3 Pillars of Success
Let’s take a closer look. Each leg of the stool is a pillar for success. Each pillar holds up its share of the load having a purpose to serve in the bigger picture. Software is not magic and understanding the evolution and life cycle from inception to deprecation is fundamental to any successful implementation. Hardly any serious developer ignores this, yet all too often they succumb to the business pressures and in most cases it is methodology that suffers the most. As methodologies are ignored, hidden long term costs skyrocket. The worst case scenario is a complete project failure; the best case is lower quality, loss of completive edge, and/or extended delivery dates.
So let’s get serious about this. Here is a starter outline to consider:
Modify these as needed; we all have different yet often similar requirements. Let’s continue.

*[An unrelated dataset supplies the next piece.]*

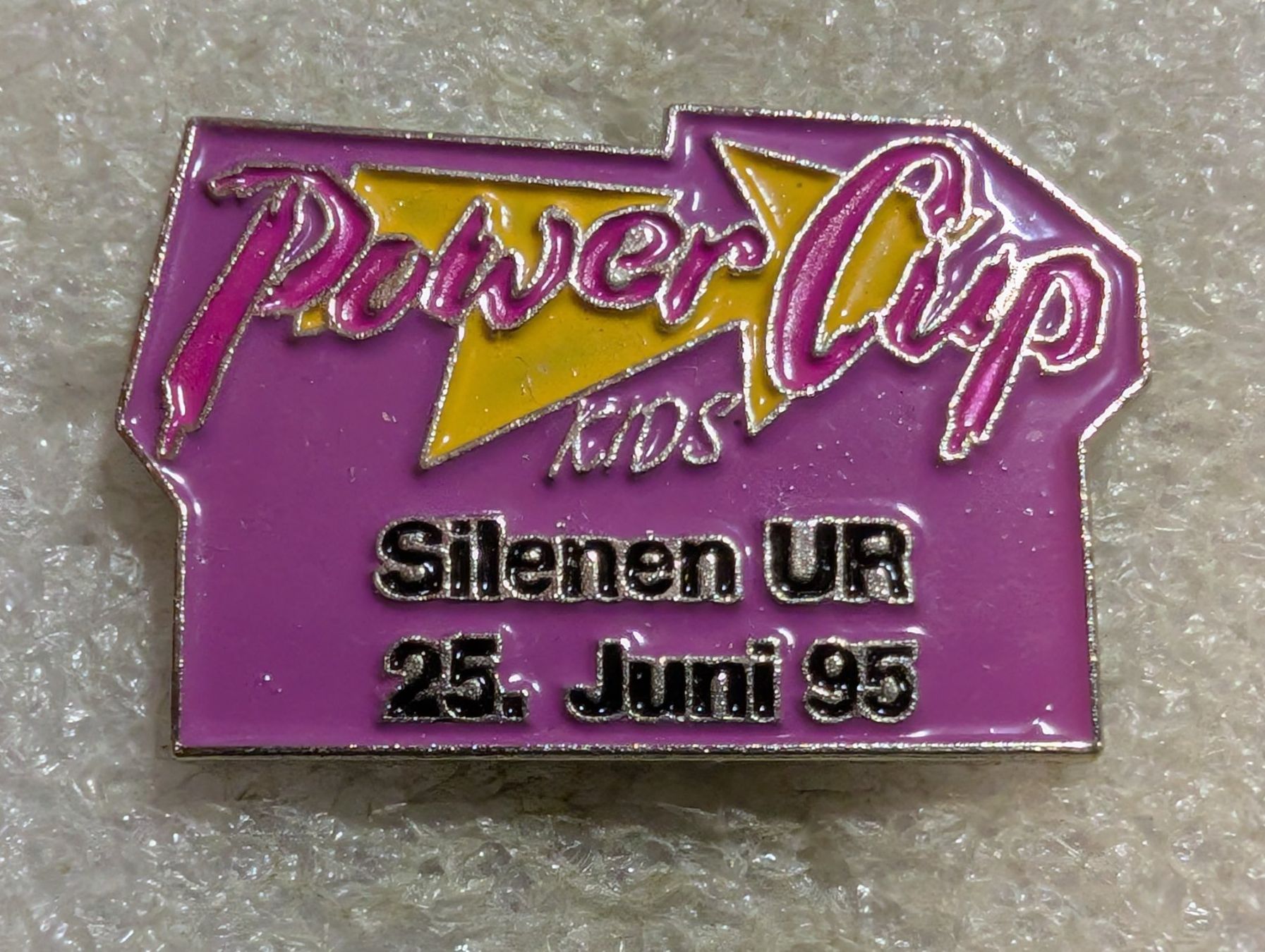 Plaketten & Abzeichen: Ansteckpin 146: Power Cup Kids – Gebraucht aus Oppligen von Pin-Fall-Shop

What is a Successful Methodology?
Any successful methodology is one that is adopted and put into practice; nothing more, nothing less. When a software project team applies a methodology it then knows how it plans to achieve the desired results. Without a properly defined and adopted methodology, what we get is analogous to the ‘wild-wild west’, or ‘shoot-then-aim’ scenarios. Neither fosters success in any software project, IMHO! We must have that 3rd leg of the stool.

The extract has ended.